Does `DistributedTrainSampler` also need to be updated for `cluster` support?

jasonkyuyim / se3_diffusion

Implementation for SE(3) diffusion model with application to protein backbone generation

https://arxiv.org/abs/2302.02277

MIT License

332 stars 54 forks source link

Does `DistributedTrainSampler` also need to be updated for `cluster` support? #25

Closed amorehead closed 1 year ago

amorehead commented 1 year ago

https://github.com/jasonkyuyim/se3_diffusion/blob/5be5b367bda4cc075fc9edc195188251acb846fe/experiments/train_se3_diffusion.py#L203

Hello. I was curious if the DistributedTrainSampler needs to be updated in response to the most recent changes to TrainSampler for clustering support. A related question is, does the batch_size=256 choice in base.yml correspond to training with a single A100 (80GB) GPU (instead of two A100s as originally done), by chance? If so, that would explain how and why DDP is currently not being used (since DistributedTrainSampler appears to not support clustering yet).

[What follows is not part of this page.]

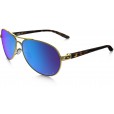 feedback-violet-irid-polarized-ladies-sunglasses-item-oo4079-407918-59-1.jpg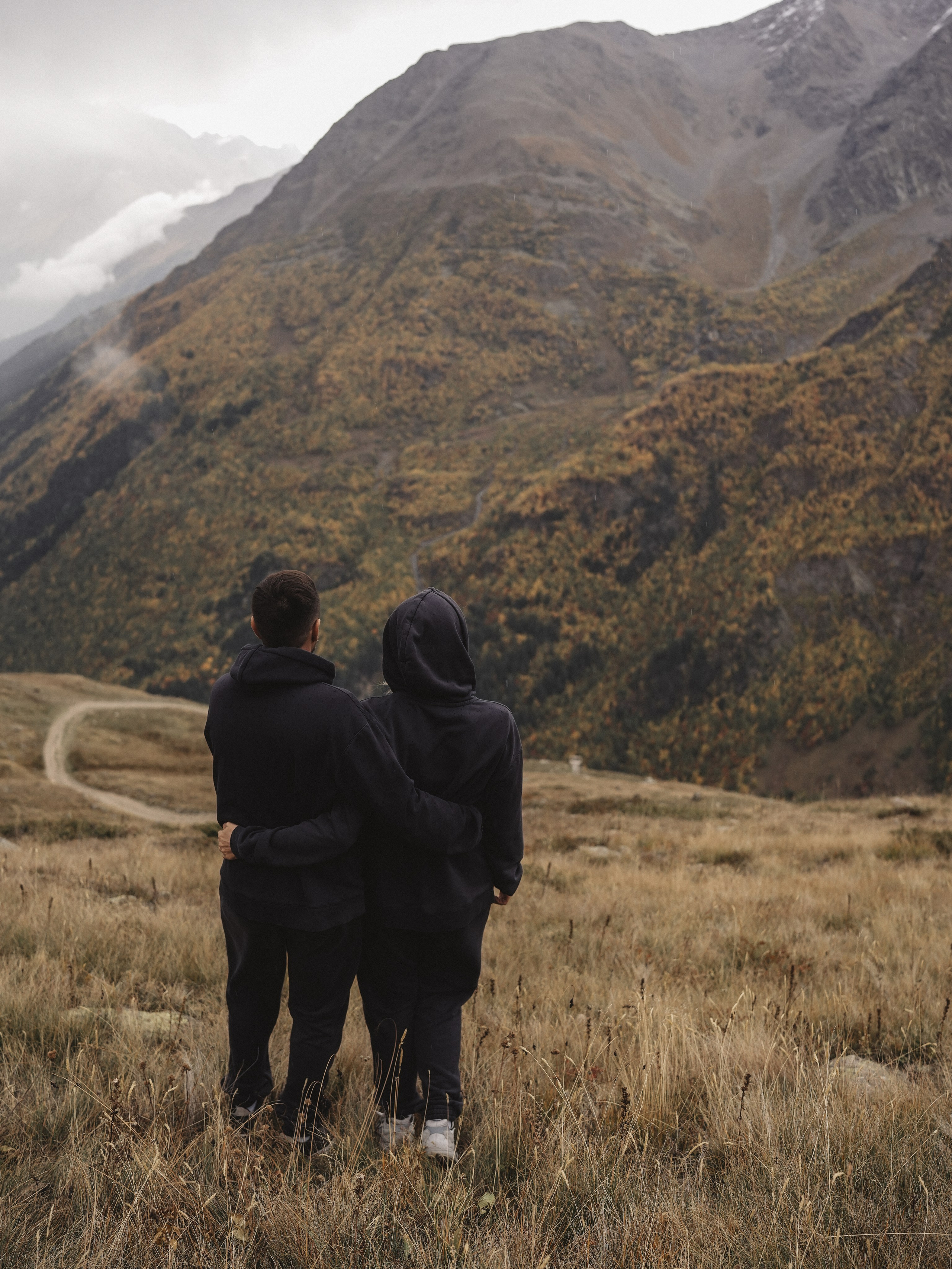 Съемка Love story (лавстори) Анастасии и Владимира. Свадебный фотограф Ирина Беляева Пятигорск|Кисловодск|Эльбрус|Домбай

jasonkyuyim commented 1 year ago

Hi, I don't use DistributedTrainSampler so I can't help much. I think just copying over the clustering code should work. (Ideally the samplers would inherit from a base sampler.) batch_size=256 was used with 2 40gb A100s so in theory a single 80gb A100 should work.

amorehead commented 1 year ago

Thanks for your quick reply. I think, going forward, it may make sense to replace DistributedTrainSampler with Lightning Fabric's DistributedSamplerWrapper. This neat class allows you to pass it an arbitrary custom Sampler (like TrainSampler), and it will handle all distributed sharding of the underlying dataset's indices (as I understand it). I'll personally be trying this out in PyTorch Lightning to see if it works as expected.